The lender’s most recent regional economic outlook report, titled “Big Funding Squeeze,” attributes the slower growth to a cash crunch that is limiting the nation’s capacity to invest in infrastructure, health care, and education.
“Persistent global inflation and tighter monetary policies have led to higher borrowing costs for sub-Saharan African countries and have placed greater pressure on exchange rates,” it says.
In addition, IMF noted that a growing reliance on pricey market-based financing and a long-term drop in aid budgets are contributing to an increase in the interest burden on public debt.
The projections by the IMF are not too different from those of the National Treasury. In December last year, Treasury Principal Secretary, Chris Kiptoo, said the economy was projected to grow at 5.5 per cent in 2022 and 6.1 per cent in 2023.
“Considering the adverse impact of the drought conditions, inflationary pressures, and other external pressures, the economy is projected to grow by 5.5 per cent in 2022, recover in 2023 to 6.1 per cent, and maintain that momentum over the medium-term. This growth will be supported by a broad-based private sector growth, including recoveries in agriculture while the public sector consolidates,” he stated.
Global recovery
Sub-Saharan African region’s growth is estimated to slow to 3.6 per cent this year due to the global downturn, and activities are predicted to slow for a second consecutive year. Then, in 2024, it will increase to 4.2 per cent due to the predicted global recovery, declining inflation, and a slowing of monetary policy tightening.
The region will have slower growth than the previous year, when it increased by 4.7 per cent, for the second year in a row.
The IMF points out that the financial crunch would also affect the region’s longer-term prospects since governments may be forced to cut back on resources for vital development areas like infrastructure, health care, and education, which will decrease the region’s capacity to grow.
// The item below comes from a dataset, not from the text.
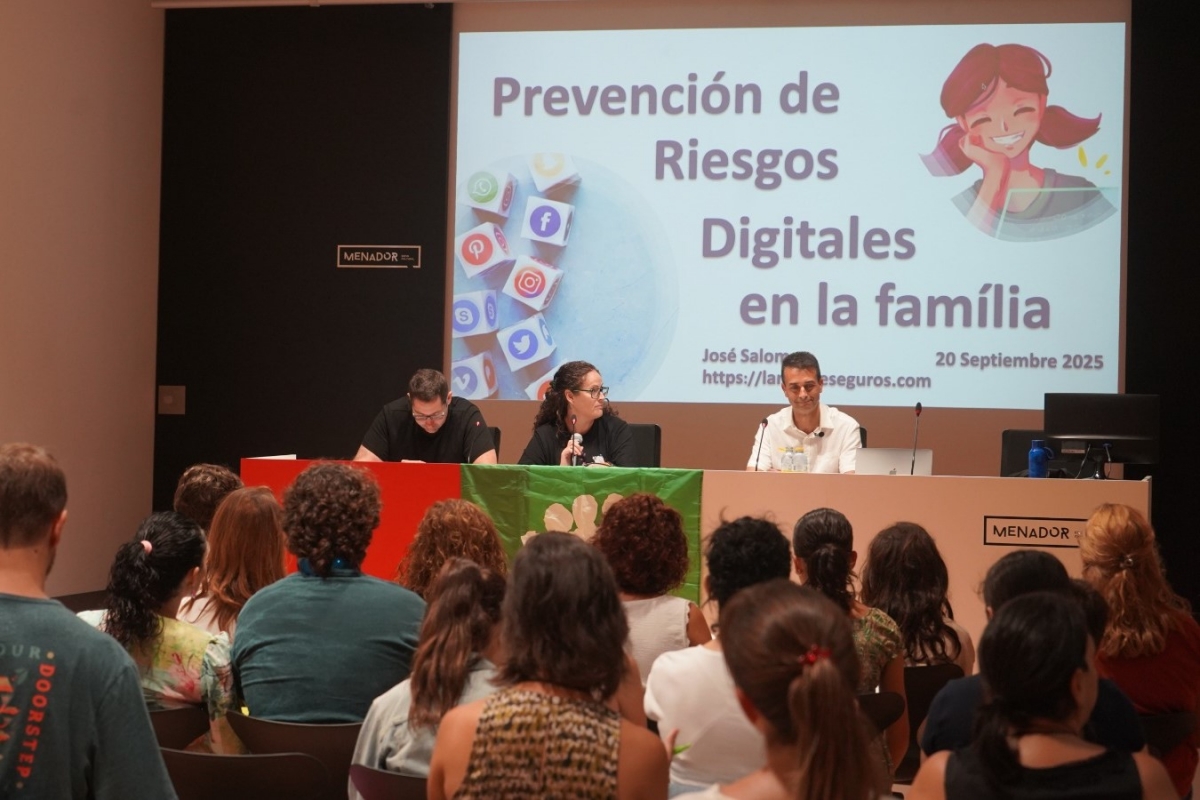 La Fampa Castelló Penyagolosa promou la prevenció de riscos digitals a les famílies amb una formació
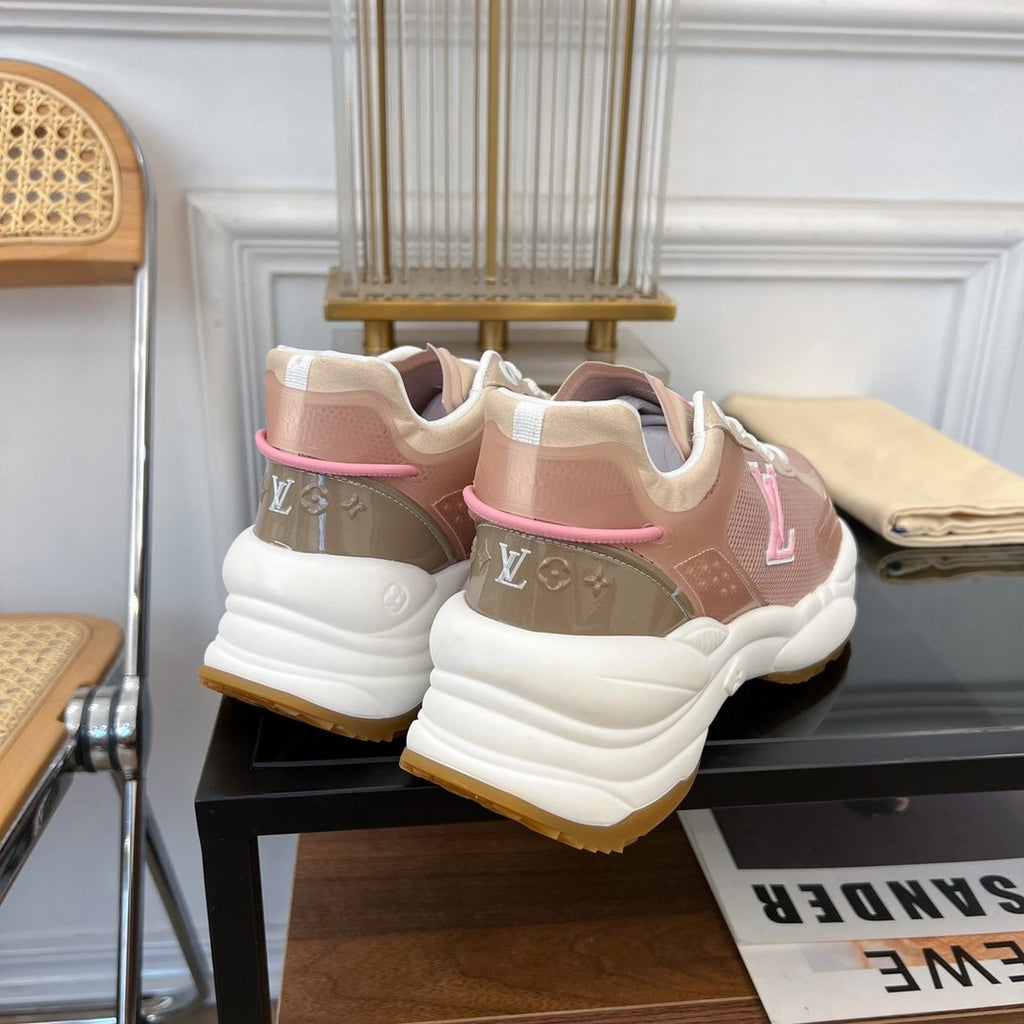 LOUIS VUITTON LV RUN 55 SNEAKER PINK BROWN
“Public debt and inflation are at levels not seen in decades, with double-digit inflation present in about half of the African countries, eroding household purchasing power and striking at the most vulnerable,” notes IMF.
According to the IMF, East African nations should do better this year in terms of their contributions to the growth of the area. It does, however, mention that a few significant economies will reduce the average SSA growth rate.
Kenya has been battling a serious cash crunch that has seen it unable to pay salaries for civil servants as most of the money has been spent on debt service as the government fights to avoid default.